AToR Prologue: Cherub's Foresight
#1
I've been doing this current incarnation of the story in a much more non-linear style, writing the important bits and then gluing them together. I have however finished(?) the Prologue, so here it is.

Cherub talks to a horse named after a Scandinavian Cain-spawned monster. A lot. And he doesn't make much sense. Probably the blood loss. Shame he doesn't show up again in person until the Epilogue.

Wow, it looks so much more insignificant when it's all stretched out on here. Ummmm, just imagine paperback sized pages and it'll all be fine.

A whopping 763 words in this chapter. That's, what, like 1/90th of a Robert Jordan novel? w00t!




Prologue

"So, Grendel, a puzzling matter is it not?" Cherub looked down the hill at what would one day be a monastery of the Heiho faith. Now, though, it was little more than piles of wood and stone. “One thousand years have I lived, my friend. Well, nine hundred and seventy-three anyway. I have been cursed with this body, with this power.”

“I have looked back and seen the death of the Old World, watched the origin of the one we know now, gazed forward at the many ways that could all end. I've seen the birth of kings, the death of princes, and the crowning of peasants.” Frowning, he pushed against the ground with his palms, adjusting his position. He lifted his legs into the air, wincing in pain as he realized his injured left leg refused to move. Instead, he lifted the leg with his hands and twisted sharply on his tail bone to face Grendel before gently placing it on the ground again.
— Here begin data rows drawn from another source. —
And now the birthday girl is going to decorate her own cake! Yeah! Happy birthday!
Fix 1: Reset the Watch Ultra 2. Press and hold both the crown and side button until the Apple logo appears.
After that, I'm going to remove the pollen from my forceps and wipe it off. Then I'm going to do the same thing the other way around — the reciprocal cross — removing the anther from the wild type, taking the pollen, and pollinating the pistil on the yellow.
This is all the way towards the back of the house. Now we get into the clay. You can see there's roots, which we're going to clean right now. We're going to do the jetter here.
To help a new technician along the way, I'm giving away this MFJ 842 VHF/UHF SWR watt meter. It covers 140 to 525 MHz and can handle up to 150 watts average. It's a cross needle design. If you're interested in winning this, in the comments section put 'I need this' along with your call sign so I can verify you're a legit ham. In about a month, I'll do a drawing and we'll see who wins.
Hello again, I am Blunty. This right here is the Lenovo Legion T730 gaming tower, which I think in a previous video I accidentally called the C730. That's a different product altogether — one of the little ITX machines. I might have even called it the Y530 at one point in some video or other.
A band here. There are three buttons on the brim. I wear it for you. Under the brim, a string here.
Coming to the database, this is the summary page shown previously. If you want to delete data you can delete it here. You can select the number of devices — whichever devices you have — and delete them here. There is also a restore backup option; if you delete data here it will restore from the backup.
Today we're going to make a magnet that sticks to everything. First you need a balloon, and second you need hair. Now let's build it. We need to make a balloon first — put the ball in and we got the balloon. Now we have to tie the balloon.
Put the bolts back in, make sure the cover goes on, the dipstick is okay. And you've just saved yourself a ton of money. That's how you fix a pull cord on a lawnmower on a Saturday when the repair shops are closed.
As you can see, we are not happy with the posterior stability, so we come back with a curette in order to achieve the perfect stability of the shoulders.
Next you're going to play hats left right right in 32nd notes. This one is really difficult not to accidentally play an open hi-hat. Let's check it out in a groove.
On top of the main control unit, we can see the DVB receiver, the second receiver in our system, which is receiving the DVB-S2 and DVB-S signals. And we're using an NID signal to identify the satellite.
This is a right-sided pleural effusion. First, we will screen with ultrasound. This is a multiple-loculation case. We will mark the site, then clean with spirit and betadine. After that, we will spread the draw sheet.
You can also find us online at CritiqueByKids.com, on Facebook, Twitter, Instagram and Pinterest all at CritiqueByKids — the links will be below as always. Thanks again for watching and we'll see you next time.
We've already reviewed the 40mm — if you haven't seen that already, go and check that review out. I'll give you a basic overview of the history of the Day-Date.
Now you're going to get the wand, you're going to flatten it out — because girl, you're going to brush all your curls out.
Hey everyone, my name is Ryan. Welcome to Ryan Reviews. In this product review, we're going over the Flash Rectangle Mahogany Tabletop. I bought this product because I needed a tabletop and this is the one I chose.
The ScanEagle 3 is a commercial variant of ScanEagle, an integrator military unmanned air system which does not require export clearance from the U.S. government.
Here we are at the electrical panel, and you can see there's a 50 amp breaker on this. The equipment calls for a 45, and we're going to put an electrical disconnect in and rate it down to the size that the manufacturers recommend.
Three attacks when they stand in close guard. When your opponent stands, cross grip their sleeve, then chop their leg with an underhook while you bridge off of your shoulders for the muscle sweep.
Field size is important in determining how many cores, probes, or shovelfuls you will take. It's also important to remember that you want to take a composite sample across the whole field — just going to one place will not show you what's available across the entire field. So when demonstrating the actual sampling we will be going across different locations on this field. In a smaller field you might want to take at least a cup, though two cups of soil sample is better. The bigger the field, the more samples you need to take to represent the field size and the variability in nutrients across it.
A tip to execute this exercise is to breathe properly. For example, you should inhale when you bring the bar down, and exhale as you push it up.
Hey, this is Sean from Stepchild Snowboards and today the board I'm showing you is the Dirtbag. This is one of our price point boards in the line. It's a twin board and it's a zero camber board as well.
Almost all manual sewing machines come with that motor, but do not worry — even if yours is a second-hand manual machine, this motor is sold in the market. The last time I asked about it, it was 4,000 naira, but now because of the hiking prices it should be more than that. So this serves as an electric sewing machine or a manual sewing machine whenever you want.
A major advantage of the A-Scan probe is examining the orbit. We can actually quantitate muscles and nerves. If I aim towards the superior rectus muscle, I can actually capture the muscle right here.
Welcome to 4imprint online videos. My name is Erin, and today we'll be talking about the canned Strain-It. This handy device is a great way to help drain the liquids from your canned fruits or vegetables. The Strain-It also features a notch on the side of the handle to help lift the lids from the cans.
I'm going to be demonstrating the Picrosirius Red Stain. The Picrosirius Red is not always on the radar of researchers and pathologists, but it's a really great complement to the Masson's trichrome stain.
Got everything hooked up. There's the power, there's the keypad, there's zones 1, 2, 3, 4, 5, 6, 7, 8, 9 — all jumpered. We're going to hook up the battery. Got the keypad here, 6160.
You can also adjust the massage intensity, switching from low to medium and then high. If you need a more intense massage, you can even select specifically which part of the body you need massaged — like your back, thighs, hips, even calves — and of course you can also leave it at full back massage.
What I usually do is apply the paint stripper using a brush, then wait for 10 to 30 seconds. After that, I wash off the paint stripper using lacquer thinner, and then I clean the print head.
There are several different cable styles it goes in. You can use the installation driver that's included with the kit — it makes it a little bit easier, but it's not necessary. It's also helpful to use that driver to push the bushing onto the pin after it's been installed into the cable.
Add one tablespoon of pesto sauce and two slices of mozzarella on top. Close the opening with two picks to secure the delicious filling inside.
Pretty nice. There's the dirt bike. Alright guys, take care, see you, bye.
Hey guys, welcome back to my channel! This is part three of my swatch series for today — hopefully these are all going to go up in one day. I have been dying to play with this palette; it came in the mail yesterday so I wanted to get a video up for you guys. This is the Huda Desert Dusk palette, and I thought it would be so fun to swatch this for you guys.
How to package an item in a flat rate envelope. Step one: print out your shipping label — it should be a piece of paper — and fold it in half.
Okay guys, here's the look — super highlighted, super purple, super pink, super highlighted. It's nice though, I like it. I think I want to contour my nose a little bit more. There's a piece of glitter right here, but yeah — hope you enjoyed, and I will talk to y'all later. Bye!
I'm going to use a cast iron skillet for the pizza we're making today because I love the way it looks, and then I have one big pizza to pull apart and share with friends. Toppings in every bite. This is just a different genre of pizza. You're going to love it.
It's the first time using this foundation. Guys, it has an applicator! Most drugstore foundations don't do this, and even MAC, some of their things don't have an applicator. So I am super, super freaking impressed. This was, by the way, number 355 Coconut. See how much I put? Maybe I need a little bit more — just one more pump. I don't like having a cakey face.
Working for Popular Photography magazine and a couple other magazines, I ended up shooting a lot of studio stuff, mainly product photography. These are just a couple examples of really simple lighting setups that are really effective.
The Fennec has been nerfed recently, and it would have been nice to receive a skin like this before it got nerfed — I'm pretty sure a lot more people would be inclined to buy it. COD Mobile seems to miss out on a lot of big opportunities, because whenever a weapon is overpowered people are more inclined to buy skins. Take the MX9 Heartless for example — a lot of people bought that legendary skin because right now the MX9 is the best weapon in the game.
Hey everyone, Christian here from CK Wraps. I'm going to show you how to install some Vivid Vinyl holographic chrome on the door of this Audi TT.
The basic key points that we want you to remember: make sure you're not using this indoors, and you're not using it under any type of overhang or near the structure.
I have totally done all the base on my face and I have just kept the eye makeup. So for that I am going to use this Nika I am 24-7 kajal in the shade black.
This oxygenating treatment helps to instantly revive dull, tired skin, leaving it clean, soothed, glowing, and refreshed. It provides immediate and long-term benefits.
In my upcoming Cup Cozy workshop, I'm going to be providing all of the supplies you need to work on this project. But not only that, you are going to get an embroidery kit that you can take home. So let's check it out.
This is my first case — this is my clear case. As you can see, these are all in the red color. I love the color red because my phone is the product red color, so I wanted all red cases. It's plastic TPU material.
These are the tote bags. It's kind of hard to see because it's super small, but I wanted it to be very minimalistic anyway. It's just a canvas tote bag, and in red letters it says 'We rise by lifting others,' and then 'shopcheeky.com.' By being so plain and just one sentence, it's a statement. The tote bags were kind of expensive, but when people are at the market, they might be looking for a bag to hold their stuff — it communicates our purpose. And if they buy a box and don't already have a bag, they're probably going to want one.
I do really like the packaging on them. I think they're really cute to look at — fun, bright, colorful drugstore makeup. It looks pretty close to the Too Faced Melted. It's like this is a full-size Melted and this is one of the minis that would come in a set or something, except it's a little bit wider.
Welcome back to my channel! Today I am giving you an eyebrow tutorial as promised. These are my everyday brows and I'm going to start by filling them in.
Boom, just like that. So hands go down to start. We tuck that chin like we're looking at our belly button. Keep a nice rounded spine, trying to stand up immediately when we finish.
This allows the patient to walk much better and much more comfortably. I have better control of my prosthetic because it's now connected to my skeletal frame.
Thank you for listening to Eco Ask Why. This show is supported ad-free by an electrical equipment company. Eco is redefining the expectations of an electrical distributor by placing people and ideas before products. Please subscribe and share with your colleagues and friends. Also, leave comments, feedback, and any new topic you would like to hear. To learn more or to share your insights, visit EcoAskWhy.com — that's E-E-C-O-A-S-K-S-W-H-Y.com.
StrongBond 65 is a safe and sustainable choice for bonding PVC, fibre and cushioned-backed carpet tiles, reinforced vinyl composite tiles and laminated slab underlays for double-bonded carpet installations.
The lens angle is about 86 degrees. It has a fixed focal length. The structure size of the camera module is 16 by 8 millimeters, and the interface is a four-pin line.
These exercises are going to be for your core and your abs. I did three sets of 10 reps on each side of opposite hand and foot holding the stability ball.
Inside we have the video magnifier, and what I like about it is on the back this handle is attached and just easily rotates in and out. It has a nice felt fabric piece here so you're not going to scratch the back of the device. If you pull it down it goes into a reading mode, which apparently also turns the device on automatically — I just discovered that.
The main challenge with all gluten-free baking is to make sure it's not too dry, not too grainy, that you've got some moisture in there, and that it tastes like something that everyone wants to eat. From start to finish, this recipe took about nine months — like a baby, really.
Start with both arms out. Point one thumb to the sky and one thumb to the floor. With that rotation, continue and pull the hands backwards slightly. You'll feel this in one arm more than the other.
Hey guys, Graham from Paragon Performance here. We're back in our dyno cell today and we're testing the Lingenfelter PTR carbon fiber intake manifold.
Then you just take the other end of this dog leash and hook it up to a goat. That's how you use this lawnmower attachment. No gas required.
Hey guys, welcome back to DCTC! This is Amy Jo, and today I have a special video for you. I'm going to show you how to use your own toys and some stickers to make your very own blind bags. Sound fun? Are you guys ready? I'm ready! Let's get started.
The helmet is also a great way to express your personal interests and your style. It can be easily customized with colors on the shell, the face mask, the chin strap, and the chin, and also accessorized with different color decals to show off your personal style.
“Fire, famine, flood. Earthquakes, drought, plague. Rebellion, revolution, civil war. I can see when they have happened, where they may happen, how they may result, but their origins elude me. Time is elusive and the slightest change may avert the greatest disasters. In a way, it is as though I can see a great lake, but never the rain that falls into it and forces it to ripple.”

Grendel responded, as she usually did, with a small snort then moved towards the shade of a tree. She stared intently at an apple hanging from it for several seconds before diverting her attention back to her master seated on the hill.

Cherub let out a sigh. “Yes, yes. I know you've heard this rant before. Or have you? Have I said such things since the last Grendel? I must have gone through a hundred horses such as you in the past few lifetimes.” He let out a deeper sigh as he leaned back to lay down on the coarse grass. “The point, Grendel, is that in two decades this location will be the origin of something awkward. An event that I can see, but only partially. It is not at all like the lake or the rain, but more like a torrent or waterfall. Visible, yet not. Inevitable, but malleable.”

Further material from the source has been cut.